While no one closely tracks the exact number of such thefts, these experts report a proliferation of websites and YouTube videos with instructions on how to break into the machines.
“My sense is that theft is on the rise as there are so many people in desperate times,” said Mark Manney, chief executive of Loss Prevention Results Inc., a Wake Forest, N.C., vending-theft consultant.
The industry already is struggling. U.S. sales fell 10% in 2009 to $19.85 billion, the latest data available, from $22.05 billion the year before, according to Automatic Merchandiser, a trade magazine. With profit margins as thin as 1%, losses from theft have an impact.
Police rarely get involved, operators say, because each theft seldom amounts to much money. Sometimes operators call the police but they usually arrive too late.
Others like Jodi Glimpse are cracking down on their own. “I’m starting to feel like my own personal detective service,” said Ms. Glimpse, owner of Camelback Vending Services LLC, which operates hundreds of vending machines in the Phoenix area.
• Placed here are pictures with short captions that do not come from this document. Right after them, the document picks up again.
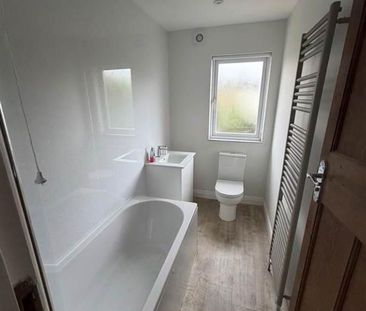 56 Beechwood Avenue, Bangor, BT20 3JB - Photo 3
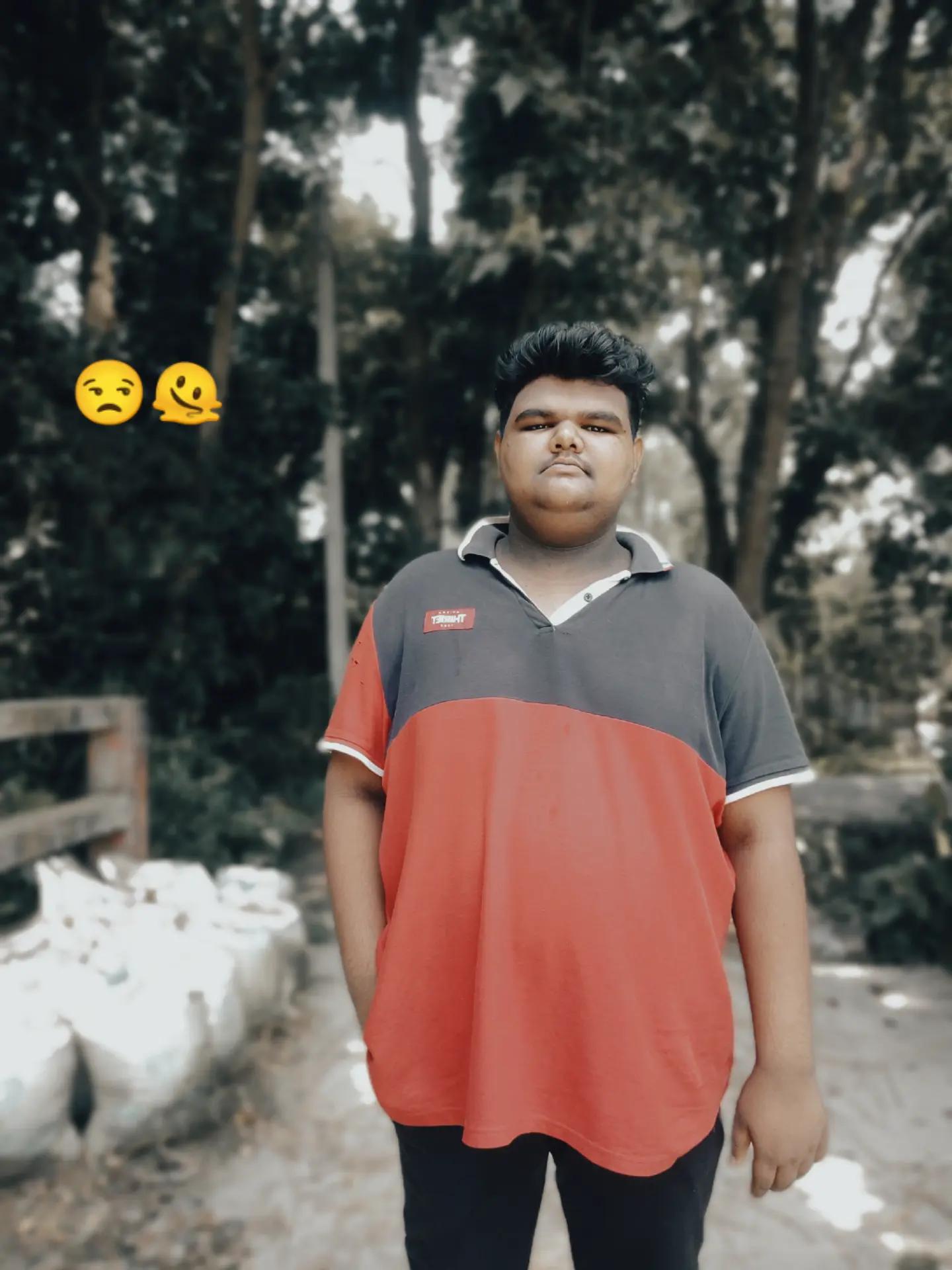 @রাজা ☠️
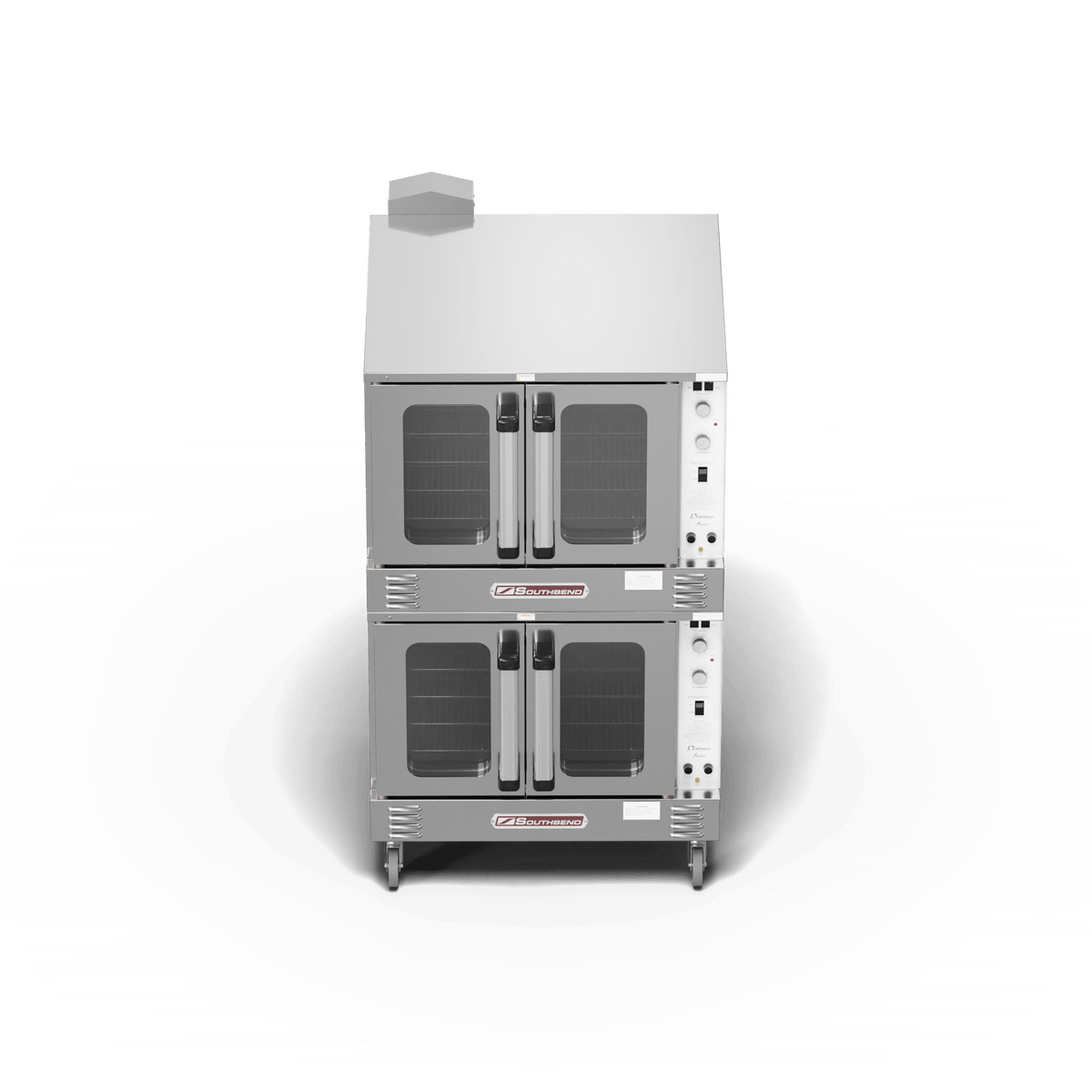 Southbend PCG100B/SI
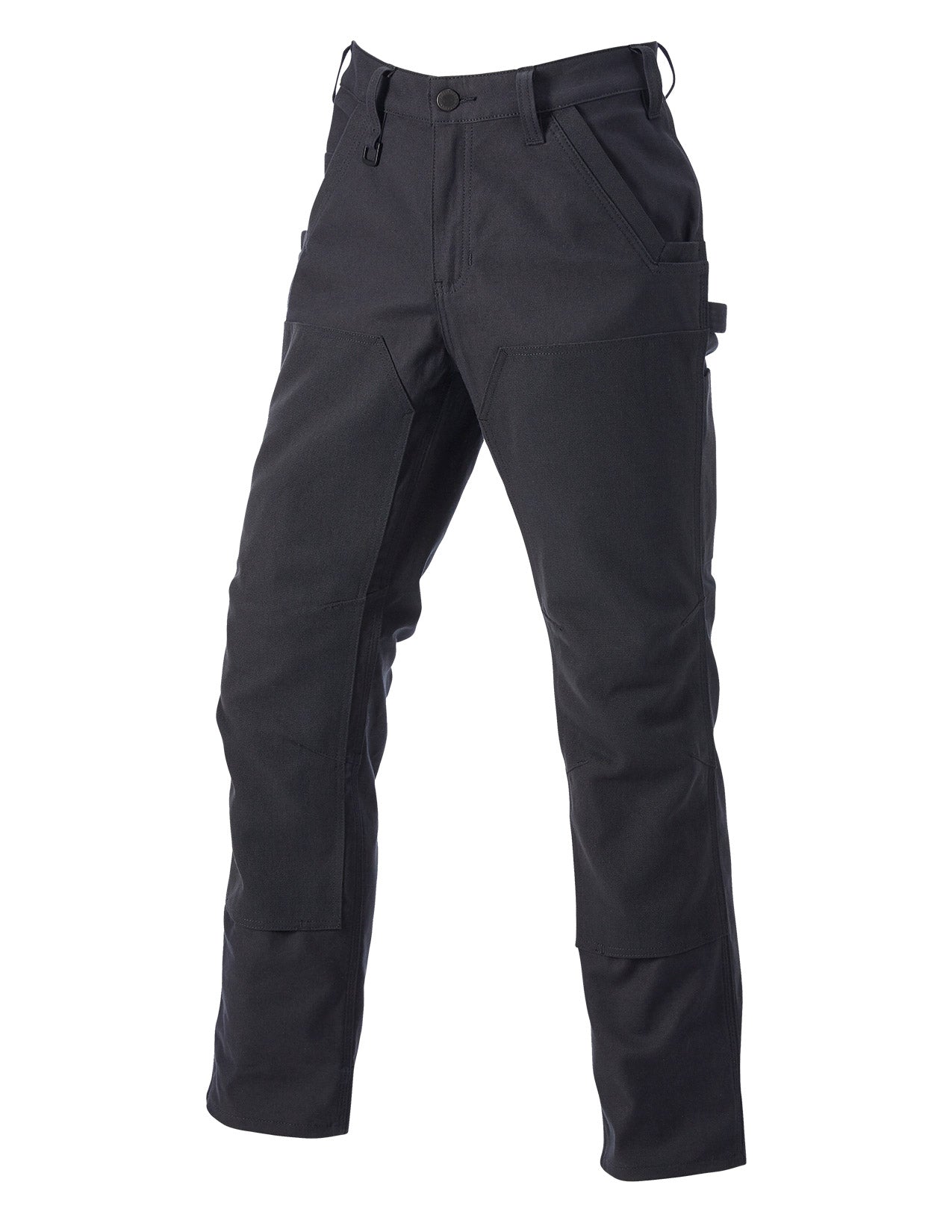 Double Front Work Pants e.s.iconic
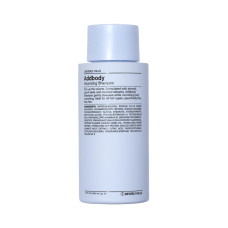 Addbody Shampoo J Beverly Hills Шампунь для придания объема (340ml)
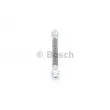 Flexible de frein BOSCH 1 987 481 942 - Visuel 2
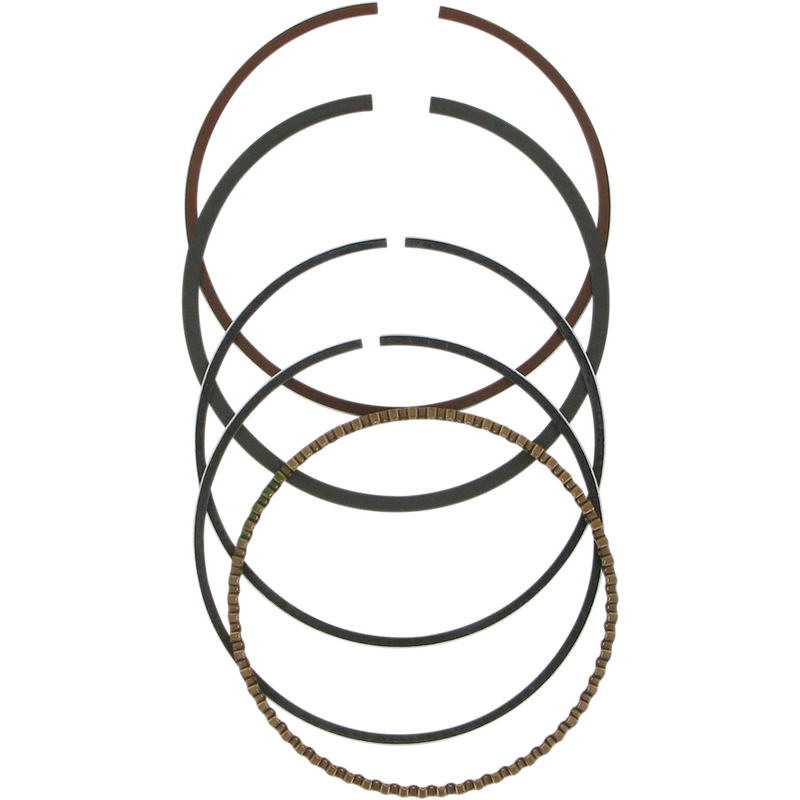 Wiseco Ring Set 3307XC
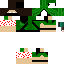 Texture for ssdfs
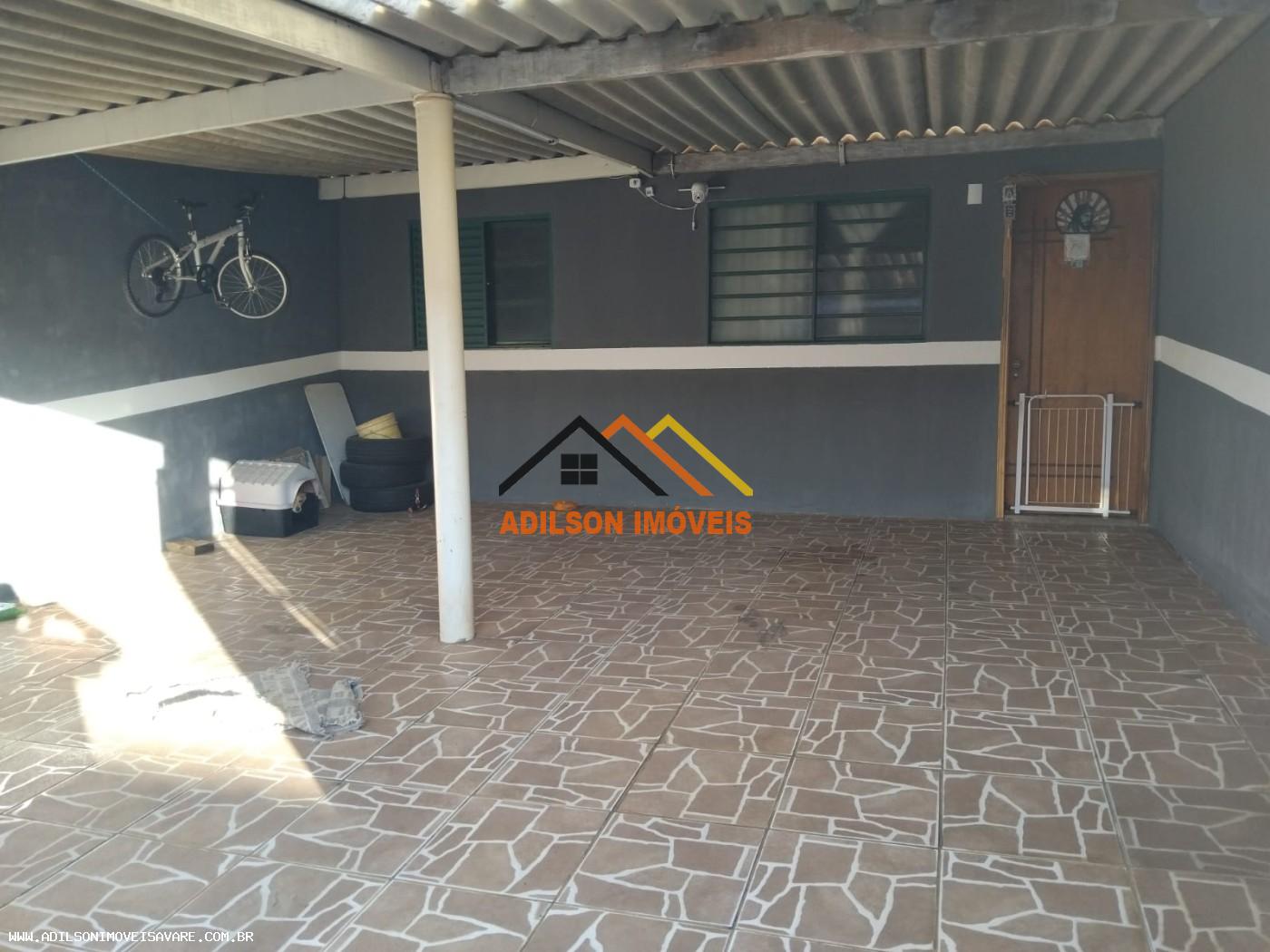 Casa, 2 quartos - Foto 9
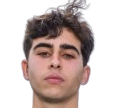https://img.833zhibooq.com.cn/img/football/player/c0b081ccfd75ecb4dec70061a5bba870.png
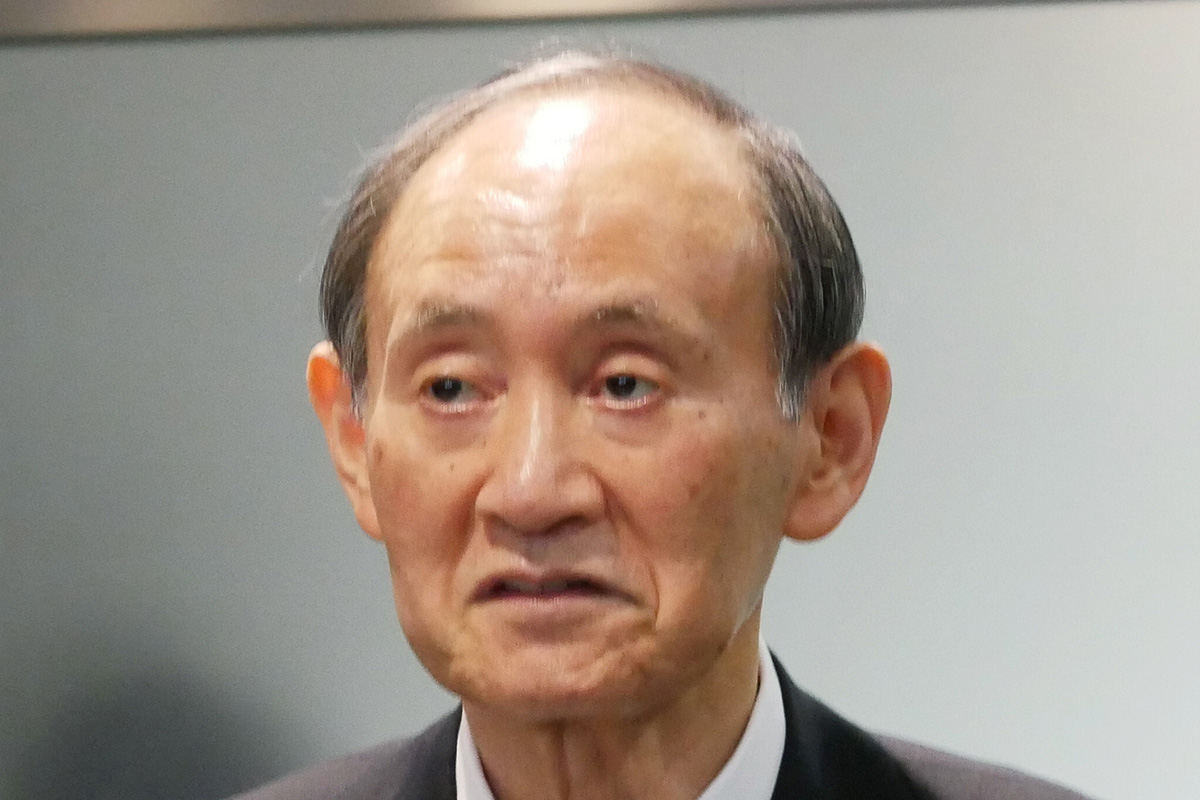 麻生太郎 引退 理由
She bought her first wireless warning devices in 2005 but usually missed alerts because thieves mostly struck her machines while she was sleeping. Last fall, thieves began using welding torches and bolt cutters on her vending machines on high school campuses.
Ms. Glimpse compiled a list of police-department phone numbers and switched her alerts to a ringtone and started sleeping with her cellphone nearby.
The day after Thanksgiving, a text message signaled a break-in, and Ms. Glimpse called police with the address of a high school where the machine was located. After watching a man breaking into another of her machines, officers arrested him.
“In the same way that retailers just assume there’s going to be a certain percentage of shrink, we’ve probably just closed our eyes and not done anything,” said John Mitchell Jr., an owner of Treat America Ltd. of Merriam, Kan., with about 12,000 vending machines.
While theft rings can steal hundreds of dollars in a night, operators generally assume that up to 3% of sales will disappear, as employees lift a dollar here and 50 cents there.
Because vending is largely a cash business, operators often have trouble tracking money as it changes hands between route drivers, managers and mechanics. Former employees sometimes visit machines with keys they kept illegally.
For keeping tabs on employees, some operators employ devices that record and wirelessly transmit real-time data.
Marcus Whitener, an owner of Refreshment Solutions LLC of Norco, La., began retrofitting his 4,000 vending machines in Louisiana and elsewhere with wireless devices in September 2009.
The devices, which cost about $300 each, let him remotely set pass codes on electronic locks that allow certain people access at certain hours.
When a vending door is opened at unauthorized times or power is cut, Mr. Whitener receives a text message and email.
Within nine months of installing the systems, Mr. Whitener said, seven of his 25 route drivers quit or were fired. Five quit after he started asking questions about cash shortages.
He said he pressed charges on two people who allegedly stole $60,000 in cash and products.
Meanwhile, Mr. Mitchell began using a system that allowed him to monitor each of his machines on a website that showed individual sales, inventory and the amount of cash collected.
He said his gross profit has increased by two percentage points on routes where he has installed the devices, partly thanks to a decline in theft.